業績の良い企業を選ぼう
そもそも配当金はどこから出てるのでしょう?社長のポケットマネーではありません。配当金の原資は基本「資本剰余金」です。なので企業の「当期利益」や過去の利益である「利益剰余金」を原資として株主に支払われます。
当たり前ですが、会社の利益が無いと配当金が支払われないのです。実際、赤字で配当がゼロ(無配)の企業も結構あります。でも一概に配当ゼロが悪いとは限りません。グロース企業の中には、利益を事業を拡大するための投資(設備投資や広告宣伝費)に使う場合があります。この場合は配当ゼロでも将来の利益のための投資に使ってるのでOKです。株主から集めたお金を有効に企業が使えてるかの指標として「ROE」がありますが話すと長くなるので別の機会にしましょう。
まとめると、高配当株投資においては、配当を維持するだけの利益が必要ということです。当たり前の話ですが、無い袖は振れない訳です。

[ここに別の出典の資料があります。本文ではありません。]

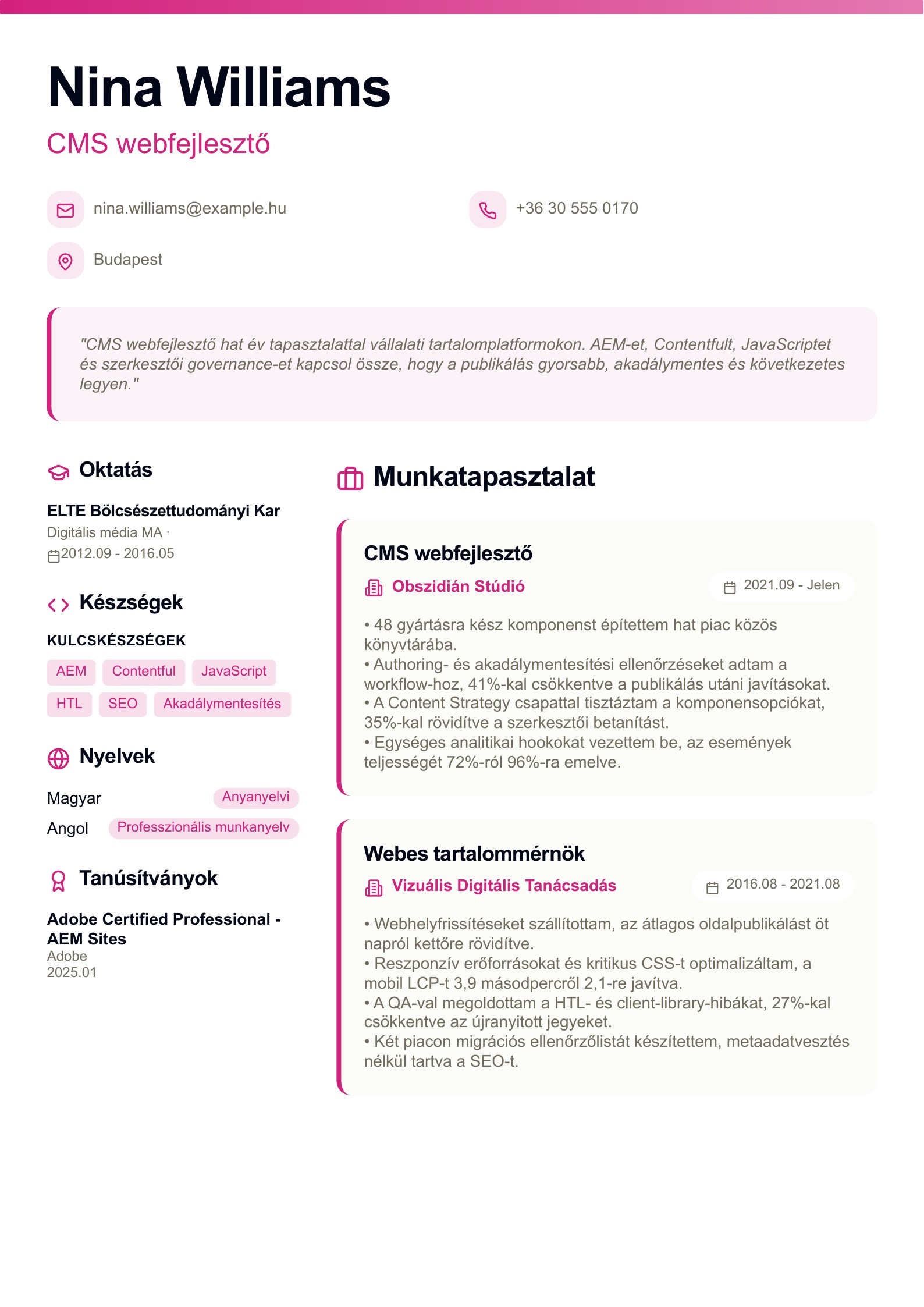 CMS webfejlesztő önéletrajza - magyar példa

業績に関しても、できるだけ大幅な黒字が理想です。利益が大きいと「増配」の可能性が高まります。増配するかしないかは株主還元の方針もあるので難しいところですが、増配→配当利回りアップ→株価も上昇するという流れになる可能性が高いので株主にとってはプラスです。増配しそうな企業を探せるかも高配当株投資の醍醐味であると思います。
財務基盤がしっかりした企業を選ぼう
「財務基盤がしっかりしている」とは、上記の業績が安定しているとも被るのですが、企業が安定して収益が上げられているかということです。短期間で収益を上げれてもそれが継続しないと安定した配当は出せません。1年間は増配でも2年目以降は減配する可能性があります。企業が将来的に収益を上げていけるかに注目しましょう。

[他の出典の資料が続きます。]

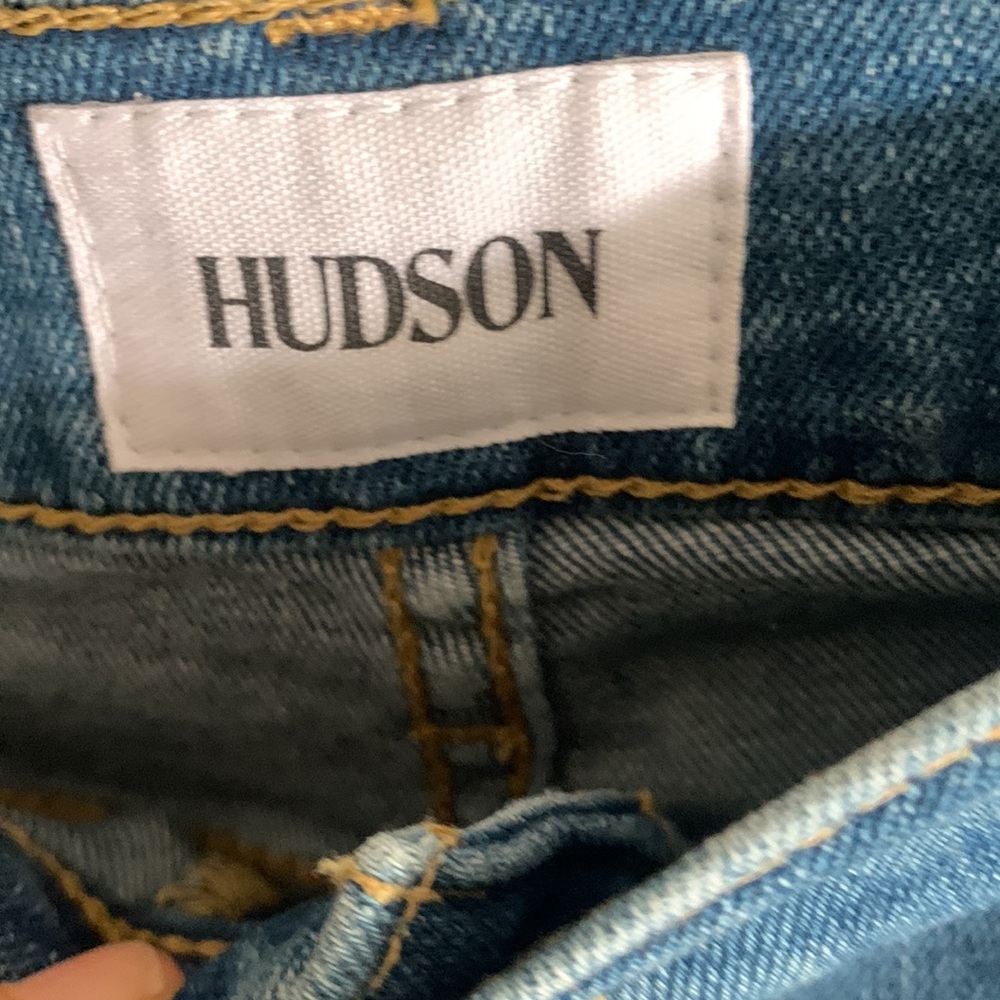 Hudson Jeans Blue Skinny Jeans with White Stripe - Picture 5 of 9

別の視点として、収益が上がっていても、借金が多いとか、設備にやたらお金がかかって利益を食いつぶしたりする場合もあるので注意しましょう。また円高、円安に関しても企業の業績に関わる場合がありますので、この企業は円高(円安)になれば業績が上がるのか下がるのかも意識しましょう。
家庭に例えると、お父さんが高収入でも、借金やローンが多いと家計が苦しくて、子供にお小遣いをあげることができませんよね。
配当性向に注目しよう
配当性向とは、当期純利益に占める年間の配当金の割合を示す指標のことで配当性向が高いほど株主に利益を還元する姿勢があると言えます。
配当性向の計算式は「1株あたりの配当金額÷1株あたりの利益×100」となります。
では、配当性向が高い会社を選べば良いじゃん!と言う意見が出てくると思いますが、配当性向が高すぎる会社は逆に危険です。
タコ足配当と言って、企業が原資となる十分な利益がないにもかかわらず、配当を無理に出してるということです。その裏には、資産を売却していたり、設備投資を抑えたりして株主還元をしている場合があります。簡単に言うと見栄を張っている訳です。そういう企業に飛びついてしまうと、減配→株価下落という痛いコンボを食らってしまうので注意です。極端に高い配当性向は、高配当によって企業を魅力的に見せ、投資家に買ってもらう戦略でもあります。その裏で大株主は売り抜けていたらどうでしょうか・・・笑うに笑えません・・・
逆に、配当性向が低い企業は、配当への余力がある企業なので、そのことも頭に入れておきましょう。もしかしたら増配の可能性がある企業を見つけるヒントになるかもしれません。
その配当、記念配当や特別配当を含んでる?
これは落とし穴的なところなんですが、配当が高くても記念配当や特別配当を含んでる場合は注意が必要です。記念配当は「企業の創立〇〇周年なので20円増配」というものです。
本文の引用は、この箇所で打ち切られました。